Les rythmes barrés

Achterland

© Anne Van Aerschot

Mais quel est-il, ce canton perdu et oublié de la danse ? Quel est ce pays des pas feutrés, des claques bruyantes et des chemises bouffantes ? Quelle est cette région du monde où vivent cinq femmes et trois hommes, tous frappés et entraînés par les mélodies de Ligeti et d’Ysaÿe ? C’est l’arrière-pays d’un paysage chorégraphique inénarrable, « Achterland », ou l’autre nom d’une mémoire à conserver.

Il est vrai que l’on connaît peu ce territoire, et l’on dit qu’on y pénètre à condition d’avoir été averti, prévenu de la valeur de ce détour. On dit aussi – et cela se confirme – qu’il fut le lieu de la construction d’un édifice presque achevé aujourd’hui (d’aucuns évoquent plus abstraitement la conception d’une grammaire nouvelle de la danse) ; mieux encore, on lit qu’en de telles terres s’élaborèrent les prémices d’un dialogue sans cesse renouvelé entre musique et danse.
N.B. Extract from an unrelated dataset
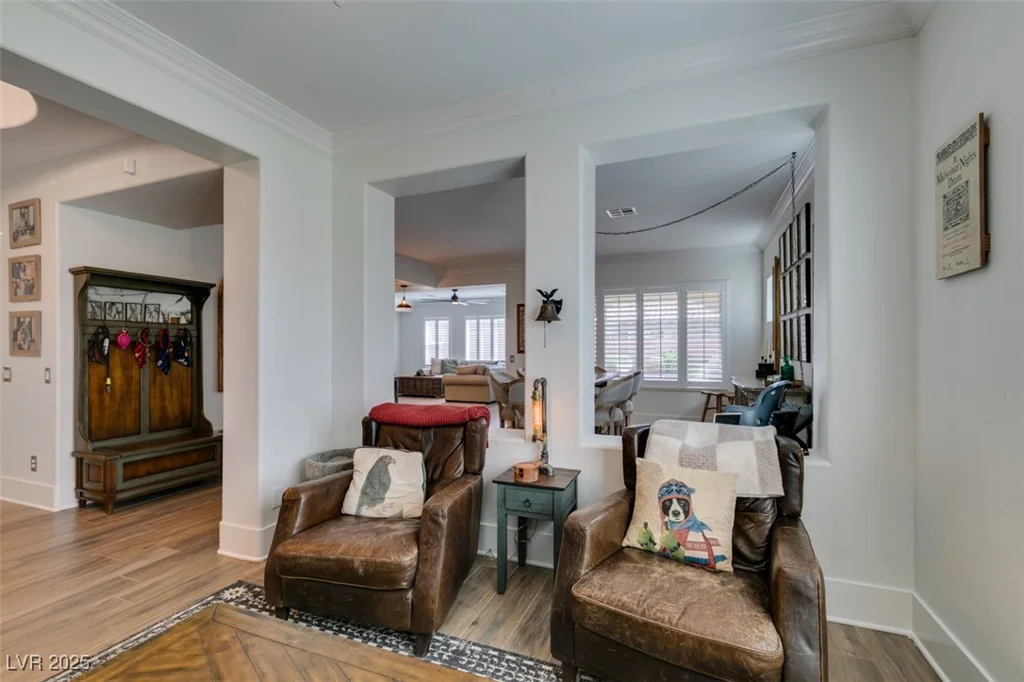 7349 Royal Melbourne, Las Vegas, NV 89131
« Achterland » constitue un véritable tournant dans l’œuvre de De Keersmaeker, posant ouvertement le problème de l’analogie entre les arts. Qui de la musique ou de la danse règne sur l’autre ? La musique semble a priori un appui fondamental pour la danse, elle structure la pièce en lui donnant son tempo, ses nuances, sa couleur. La coda, en tant que principe organisationnel, serait alors la clé de voûte de l’œuvre ; devenue code et mot de passe, elle permettrait de décrypter ce qui y est énigmatique. Mais ces relations d’interdépendance sont plus tortueuses qu’il n’y paraît, et le collectif Rosas ne se satisfait pas d’une telle approche formaliste exsangue ; dès lors que l’on convoque la problématique de la perception, l’œuvre prend tout son sens.

« Achterland » est ainsi affaire de multiples déformations perceptives, la transposition exacte de la musique en danse est inopérante. Si la musique entretient une forme de continuité inépuisable, le corps, lui, n’y parvient pas. Ce que je perçois de faillible dans cette intermédialité est le lieu dans lequel travaille la chorégraphe, à la différence de la danse postmoderne, qui étalonne les sentiments sur la musique ostinatique qu’elle diffuse. De Keersmaeker explore nos percepts et les troubles qu’ils suscitent en nous, elle n’œuvre jamais en faveur d’une rationalisation du mouvement. Danse des consciences, « Achterland » est un jeu de mathématiques humaines où le rire et la malice défont les cadres corsetés de la pensée théorique. Les huit habitants de ce monde sont des retardataires en puissance, de ceux qui dansent en décalé, s’ingénient à venir sur la pointe des pieds compléter des tableaux imparfaits. Résonne alors parfois une mélodie du sec et du coupé, quasi mécanique, mais qui ne masque pas le potentiel érotique du propos, les corps écrasés, les jupes fendues, les pantalons retroussés comme un origami réalisé en quatrième vitesse – sur le tempo des étreintes compulsives.

La danse d’« Achterland » serait une suite mathématique, faite d’additions, de variations et d’inexorables accroissements. Mais aussi une suite royale, pompeuse, fastueuse ; dès lors l’apparat des formes, le jeu des apparences – les pantalons mis à la va-vite – feraient tressauter l’accroissement exponentiel du travail, l’enrayerait décrochant la fonction de son graphique. De quoi nous rappeler in finequ’en mathématiques, le nombre d’or est avant tout un nombre irrationnel.